Sánchez no pactará «a cualquier precio»… pero no ha dicho cuál es el límite del crédito. Será muy alto en cualquier caso. Hoy, la envolvente «progresista» sofroniza al ciudadano con la engañosa dialéctica de las «líneas rojas». Se invocan como un ansiolítico de garantía democrática para incautos, o se dibujan como si fuesen un compartimento estanco impermeable al fraude político, cuando en realidad lo que se han empezado a cocinar son cuotas de poder sin límite alguno. Esas líneas son rojas hoy, mañana serán rosas, pasado carmesí, luego marfil y finalmente blancas… producto de una negociación opaca cuya justificación a la ciudadanía se reducirá a explicar que obedece al «mandato de las urnas» y a una voluntad mayoritaria y «progresista» de que «haya acuerdos».

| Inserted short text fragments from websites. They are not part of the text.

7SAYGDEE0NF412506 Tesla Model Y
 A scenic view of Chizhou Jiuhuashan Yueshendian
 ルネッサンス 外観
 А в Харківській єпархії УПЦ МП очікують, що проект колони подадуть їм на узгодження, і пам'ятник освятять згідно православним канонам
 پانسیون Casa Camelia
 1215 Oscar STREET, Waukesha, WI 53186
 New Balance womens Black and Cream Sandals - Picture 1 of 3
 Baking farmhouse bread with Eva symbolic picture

El plan de Sánchez, basado en liderar un «frente popular» maquillado de socialdemocracia clásica y suavizado por las bondades de la nueva «etapa de consensos», está trazado. Ya se pactó con ERC en su día, y volverá a pactarse porque la pulsión de poder y el ansia de marginación de la derecha son prioritarias. Nadie discutirá esa verdad virtual y deconstruida, frente a la verdad real que anticipó Felipe González, sin ningún éxito ni influencia aparente en el PSOE, cuando dijo con razón que no es cierto que en el Congreso hay una mayoría «progresista».
Sin embargo, la gran paradoja de la indisimulada mueca de satisfacción de Pedro Sánchez es que su futuro, como el de España, están en manos de Pablo Iglesias. Descartado el gesto de generosidad extrema al que dirigentes del PSOE querrían abocar a Mariano Rajoy para que el PP avalase a Sánchez con su abstención, solo Podemos puede descifrar esta compleja derivada matemática. Iglesias es consciente y está en lo que los juristas denominan «el dominio del hecho». La sartén por el mango. Ahora solo queda determinar si realmente está dispuesto a ejercer como vicepresidente de un Gobierno en coalición social-comunista, o si juega de farol porque objetivamente pueda convenirle concurrir a las urnas, ya con el millón de votos de IU en su regazo, para fulminar al PSOE. El órdago extremo de Rajoy no lo juega Sánchez, sino Iglesias.